The DaskTaskRunner is a parallel task runner that submits tasks to the dask.distributed scheduler.

By default, a temporary Dask cluster is created for the duration of the flow run.

For example, this flow counts up to 10 in parallel (note that the output is not sequential).

import time

from prefect import flow, task
from prefect_dask import DaskTaskRunner

@task
def shout(number):
    time.sleep(0.5)
    print(f"#{number}")

@flow(task_runner=DaskTaskRunner)
def count_to(highest_number):
    for number in range(highest_number):
        shout.submit(number)

if __name__ == "__main__":
    count_to(10)

# outputs
#3
#7
#2
#6
#4
#0
#1
#5
#8
#9

If you already have a Dask cluster running, either local or cloud hosted, you can provide the connection URL via an address argument.

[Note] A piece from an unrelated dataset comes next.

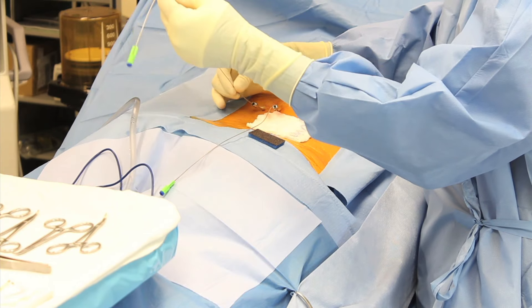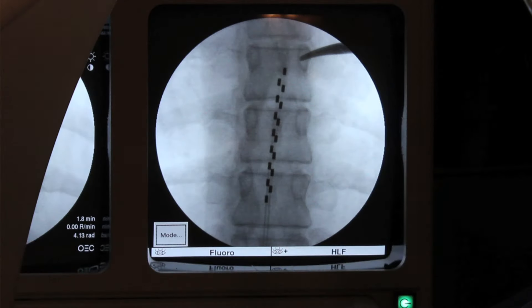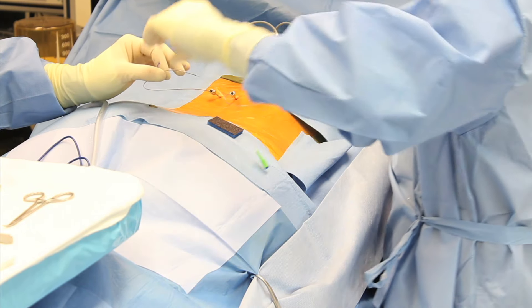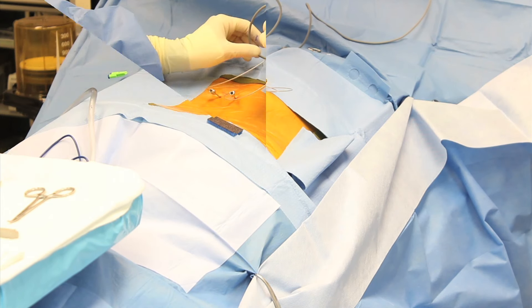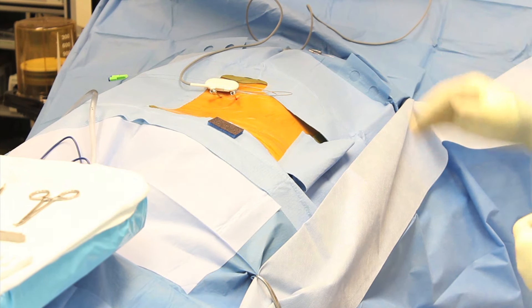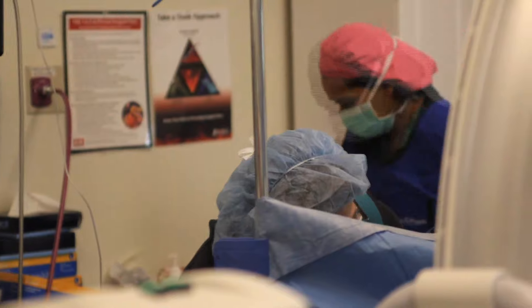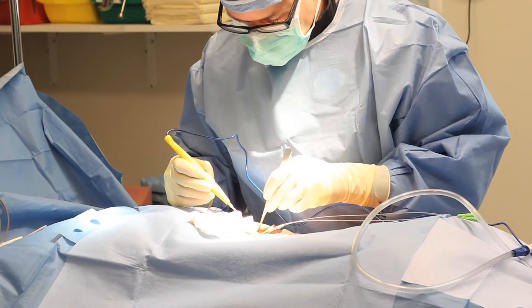Once the electrode wires are placed in an appropriate position, the device is connected to a cable, and in a sterile fashion with the patient awake and talking, the device is analyzed to make sure that the patient has a comfortable, appropriate sensation in the area of previous chronic pain.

To configure your flow to use the DaskTaskRunner:

  1. Make sure the prefect-dask collection is installed as described earlier: pip install prefect-dask.
  2. In your flow code, import DaskTaskRunner from prefect_dask.task_runners.
  3. Assign it as the task runner when the flow is defined using the task_runner=DaskTaskRunner argument.

For example, this flow uses the DaskTaskRunner configured to access an existing Dask cluster at http://my-dask-cluster.

from prefect import flow
from prefect_dask.task_runners import DaskTaskRunner

@flow(task_runner=DaskTaskRunner(address="http://my-dask-cluster"))
def my_flow():
    ...

DaskTaskRunner accepts the following optional parameters:

Parameter Description
address Address of a currently running Dask scheduler.
cluster_class The cluster class to use when creating a temporary Dask cluster. It can be either the full class name (for example, "distributed.LocalCluster"), or the class itself.
cluster_kwargs Additional kwargs to pass to the cluster_class when creating a temporary Dask cluster.
adapt_kwargs Additional kwargs to pass to cluster.adapt when creating a temporary Dask cluster. Note that adaptive scaling is only enabled if adapt_kwargs are provided.
client_kwargs Additional kwargs to use when creating a dask.distributed.Client.

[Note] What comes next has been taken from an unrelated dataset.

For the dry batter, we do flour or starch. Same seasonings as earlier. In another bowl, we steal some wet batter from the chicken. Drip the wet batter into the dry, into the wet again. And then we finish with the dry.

!!! warning "Multiprocessing safety" Note that, because the DaskTaskRunner uses multiprocessing, calls to flows in scripts must be guarded with if __name__ == "__main__": or you will encounter warnings and errors.

If you don't provide the address of a Dask scheduler, Prefect creates a temporary local cluster automatically. The number of workers used is based on the number of cores available to your execution environment. The default provides a mix of processes and threads that should work well for most workloads. If you want to specify this explicitly, you can pass values for n_workers or threads_per_worker to cluster_kwargs.

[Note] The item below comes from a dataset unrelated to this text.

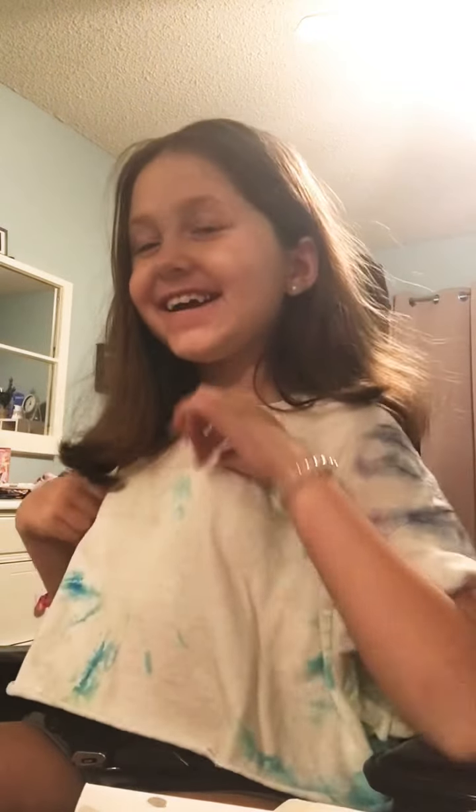Hey guys! Welcome back to my channel, Fade Double. So today I'm going to be doing my makeup. Because one time I did this video and I did two parts — one part didn't post for some reason, and the second part did more than like three minutes.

# Use 4 worker processes, each with 2 threads
DaskTaskRunner(
    cluster_kwargs={"n_workers": 4, "threads_per_worker": 2}
)

Distributing Dask collections across workers

If you use a Dask collection, such as a dask.DataFrame or dask.Bag, to distribute the work across workers and achieve parallel computations, use one of the context managers get_dask_client or get_async_dask_client:

import dask
from prefect import flow, task
from prefect_dask import DaskTaskRunner, get_dask_client

@task
def compute_task():
    with get_dask_client() as client:
        df = dask.datasets.timeseries("2000", "2001", partition_freq="4w")
        summary_df = df.describe().compute()
    return summary_df

@flow(task_runner=DaskTaskRunner())
def dask_flow():
    prefect_future = compute_task.submit()
    return prefect_future.result()

dask_flow()

The context managers can be used the same way in both flow run contexts and task run contexts.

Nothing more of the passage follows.